Grâce à cette organisation, Harriet Tubman atteint la Pennsylvanie, premier état américain ayant aboli l’esclavage.
« Quand je découvris que j’avais franchi cette ligne,
je regardai mes mains pour voir si j’étais la même personne. »
Passeuse d’esclaves
Alors qu’une nouvelle vie de liberté s’offre à Harriet, elle ne s’en contente pas. Elle rentre souvent au Maryland pour aider d’autres esclaves à s’échapper vers le Canada. Au risque de sa vie, puisqu’en 1850, les États-Unis ont adopté le Fugitive Slave Act, qui oblige la capture des esclaves fugitifs.
Harriet Tubman réussit à sauver 300 esclaves dont une grande partie de sa famille …
Mais pas son mari (remarié à une autre) qui refuse de l’accompagner.
Espionne et militante
Dès le début de la guerre de Sécession en 1861, Tubman aide activement l’Union.
Elle travaille d’abord comme cuisinière et infirmière, soignant des soldats nordistes atteints de dysenterie et variole. Puis elle prend la tête d’un groupe d’espions et guide activement les troupes lors des assauts.
Après la guerre, Harriet Tubman s’engage pour les droits des Afro-Américains. Elle participe également aux conférences en faveur du suffrage féminin à New York, Boston et Washington.

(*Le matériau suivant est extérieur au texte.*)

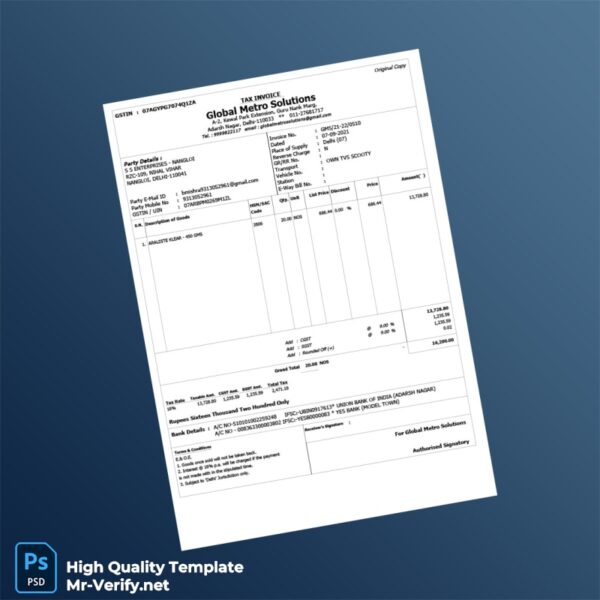 India Global Metro Solutions Invoice Template in Word and PDF formats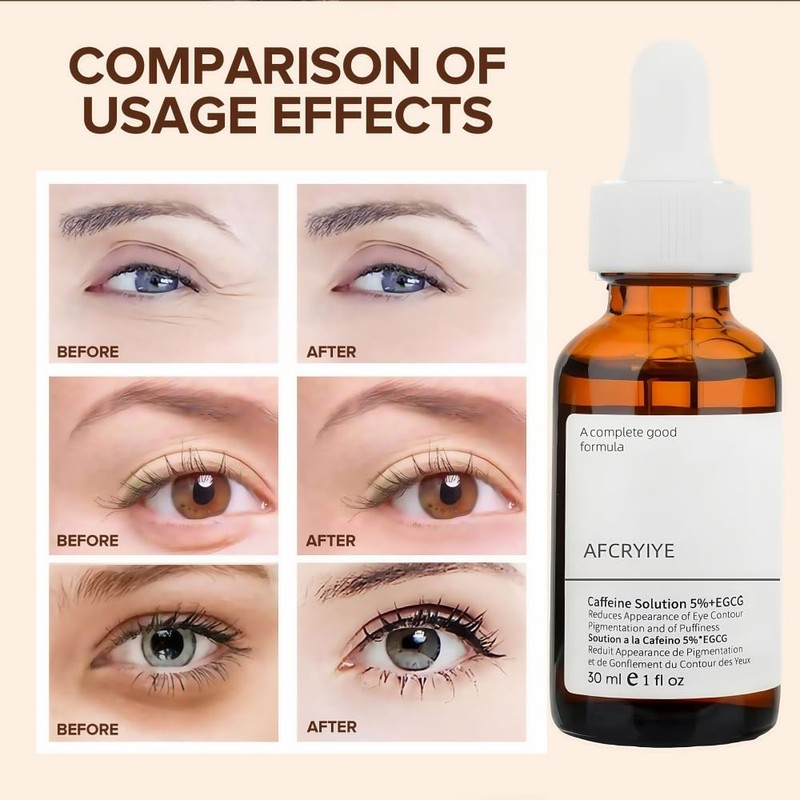 AFCRYIYE New Caffeine Solution 5%+ EGCG, Facial Caffeine Eye Serum,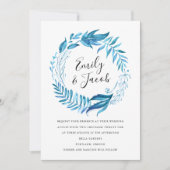 Indigo bladeren | Krans bruiloft uitnodiging (Voorkant)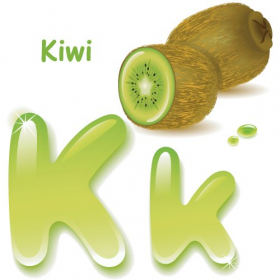 Vector Bảng chữ cái, chữ hoa K, màu cách điệu của nước ép kiwi.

Harriet Tubman, oubliée puis inoubliable
Malgré son passé militaire, Harriet Tubman n’obtient une pension que trente ans après son engagement.
Elle vit dans une grande précarité, dont elle sort en 1869, grâce à Sarah Bradford qui écrit et fait publier sa biographie (Scenes in the Life of Harriet Tubman).
La même année Harriet Tubman épouse Nelson Davis, un autre vétéran de la Guerre de Sécession, de 22 ans son cadet.
Souffrant d’arthrite, elle passe la fin de sa vie dans un hospice pour Afro-Américains qu’elle a contribué à fonder.
En 1913, elle y meurt et reçoit les honneurs militaires lors de son enterrement.
Aux États-Unis, Harriet Tubman est honorée chaque 10 mars, jour de sa mort.